Sekitar pukul 23.00,
Bung Karno kembali ke Istana Merdeka. Dia mengganti baju kepresidenan
dengan kemeja lengan pendek putih, celana abu, tanpa kopiah. Tak lama
waktu yang ia perlukan. Hanya 20 menit, kemudian Bung Karno keluar
Istana. Menggunakan mobil Chrysler hitam, berplat B 4747, Bung Karno
melaju ke Hotel Indonesia. Di sana ia menjemput istrinya, Ratna Sari
Dewi Soekarno.
»Bapak tetap di mobil. Ajudannya, Suparto
yang menjemput menjemput Ibu Dewi,” kata Mangil. Dari Hotel Indonesia,
mobil berjalan ke Wisma Yaso, kini Museum Satria Mandala di Jalan Gatot
Subroto, Jakarta Selatan.
Hari berganti. Pada 1 Oktober
1965, sekitar pukul 05.15, Mangil menerima telepon dari satu anggota
Detasemen Kawal Pribadi yang bertugas di Wisma Yaso. Laporan si petugas,
»Hubungan telepon keluar Istana diputus Telkom atas perintah militer.”
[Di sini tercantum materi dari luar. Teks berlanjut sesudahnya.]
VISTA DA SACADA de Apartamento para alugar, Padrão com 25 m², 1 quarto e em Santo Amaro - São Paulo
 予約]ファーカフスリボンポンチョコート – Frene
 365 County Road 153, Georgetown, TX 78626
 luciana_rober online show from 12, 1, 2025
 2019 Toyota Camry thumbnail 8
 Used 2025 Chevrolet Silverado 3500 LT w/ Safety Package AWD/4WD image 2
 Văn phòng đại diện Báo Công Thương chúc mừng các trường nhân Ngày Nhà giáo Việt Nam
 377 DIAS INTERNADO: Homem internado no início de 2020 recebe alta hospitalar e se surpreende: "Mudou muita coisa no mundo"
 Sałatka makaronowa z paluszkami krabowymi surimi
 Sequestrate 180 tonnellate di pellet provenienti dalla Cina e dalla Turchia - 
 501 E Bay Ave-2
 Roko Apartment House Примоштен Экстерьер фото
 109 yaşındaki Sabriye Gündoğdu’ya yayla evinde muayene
Mendapat kabar itu, Mangil bergegas pergi ke Wisma Yaso. Dalam waktu
setengah jam ia sudah tiba di sana. Dan sekira jam 06.00, Mangil
mendapat berita rumah Jenderal Abdul Haris Nasution dan Leimena
ditembaki. 30 menit berlalu, Bung Karno keluar dari kamar. Ia masih
mengenakan baju lengan pendek dan tanpa kopiah. »Bapak rupanya sudah
dilapori soal penembakan itu,” ujar Mangil.
Kepada
Mangil, Bung Karno meminta detail peristiwanya. Tapi yang ditanya tidak
bisa menjawab. Pernyataan itu membuat Soekarno berang. Kemudian dia
meminta saran apa yang harus dilakukannya. "Menurut kamu sebaiknya
bagaimana?" kata Mangil menirukan pertanyaan Bung Karno. Mangil memberi
saran Soekarno tetap tinggal di Wisma Yaso, »Atau pindah ke Istana."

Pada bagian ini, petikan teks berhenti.